Over the year 2021 the Dutch Institute for Vulnerability Disclosure (DIVD) notified a total of 86,427 IP addresses that were found to be vulnerable. Compared to 58,358 e-mails in 2020, that is a growth of more that 33%. This year we already sent out 141,078 emails.
The DIVD scans the internet for vulnerabilities and reports these to the people who can fix them. I will go into some of our recent cases, ranging from KaseyaVSA, to Log4j in 2021 and some of the 2022 highlights. Next to that you will get an introduction in how the DIVD has professionalise vulnerability disclosure and why we are allowed to somewhat break laws on computer crime and privacy.

Bio:
Shairesh Algoe:
Profile picture Shairesh Algoe Shairesh Algoe is passionate about information security and tech and enjoys teaching and telling stories. He tries to keep information security simple with more than 12 years of experience and has had several security hats. From technical to leadership roles.
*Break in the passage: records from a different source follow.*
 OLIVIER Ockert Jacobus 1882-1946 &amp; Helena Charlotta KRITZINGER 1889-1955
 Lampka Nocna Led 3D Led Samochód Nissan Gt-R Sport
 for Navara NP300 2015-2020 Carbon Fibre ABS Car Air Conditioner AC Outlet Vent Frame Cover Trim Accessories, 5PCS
His day job is being a Chief Information Security Officer for TM-Pro an FinTech company provides banking as a service platform to small, medium and lager financial institutions.
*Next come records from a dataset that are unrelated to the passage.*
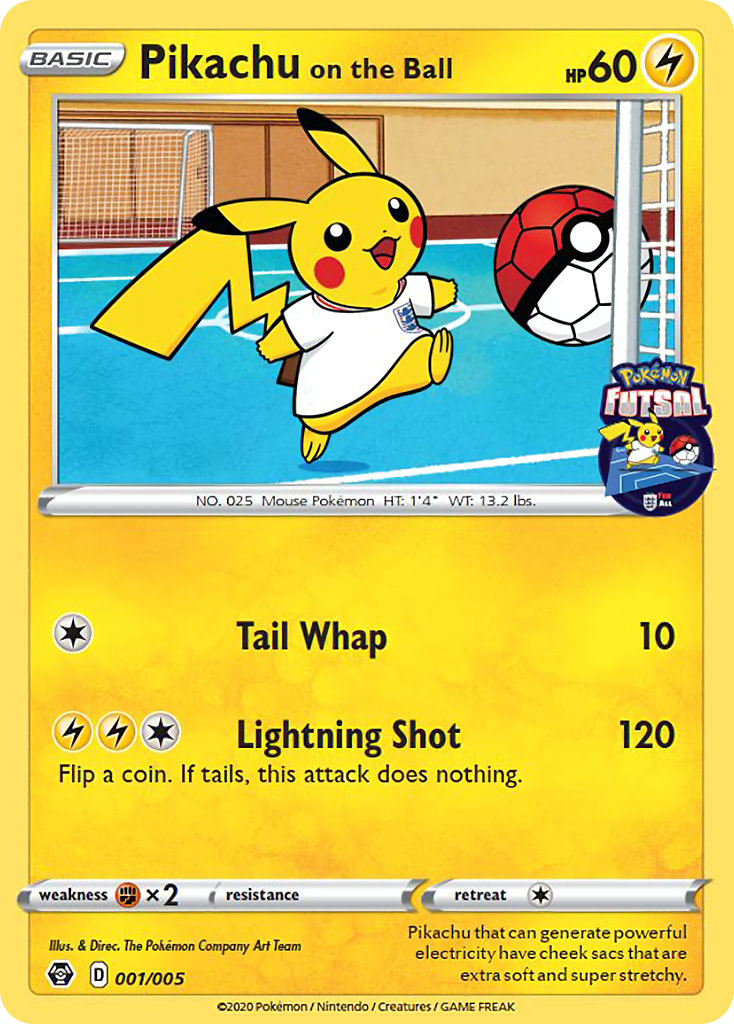 Pikachu on the Ball 1 Pokemon card from Pokémon Futsal Collection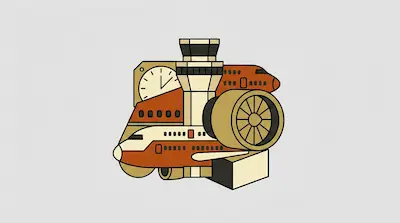 A stylized cluster of aviation icons including an airplane, a jet engine, a control tower, and a clock.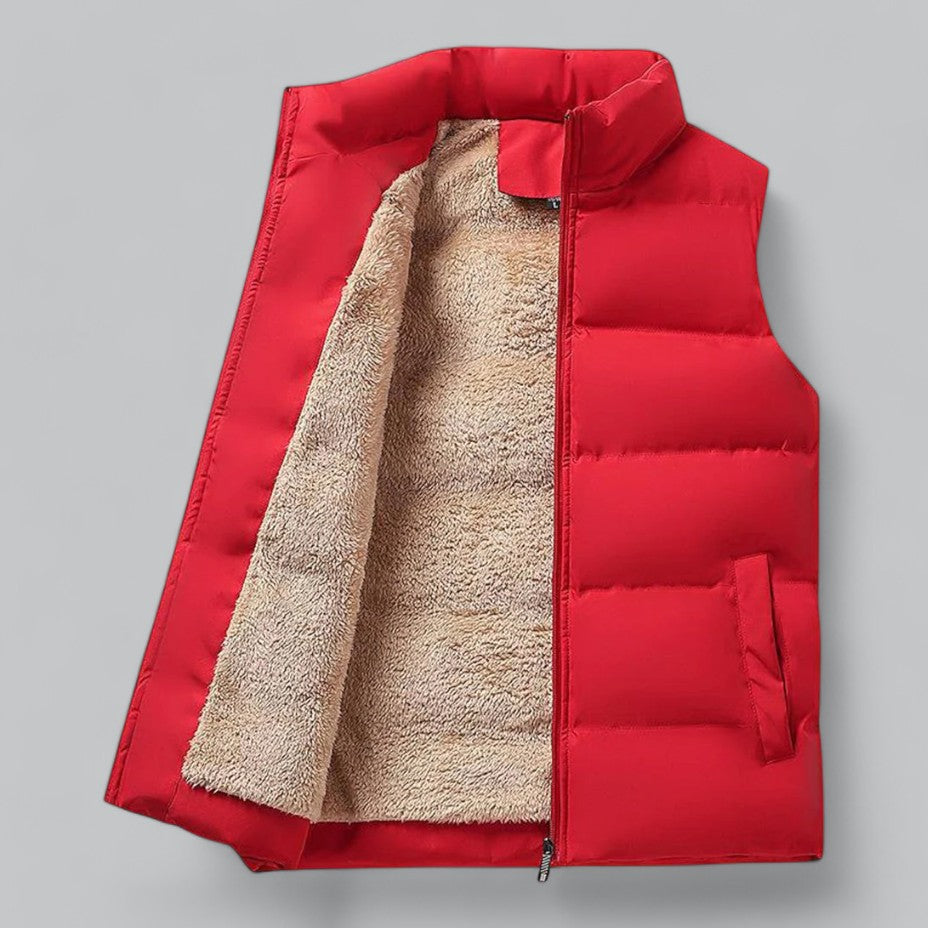 Men's winter bodywarmer with fur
Beside that he is a board member at the DIVD and responsible together with the management team for the continuity of this hacker collective that helps to clean up the internet for free within our code of conduct.
In his other spare time, he is also an entrepreneur who delivers security products and services to multiple companies. He is also a speaker and teaches students about information security and quantum technology.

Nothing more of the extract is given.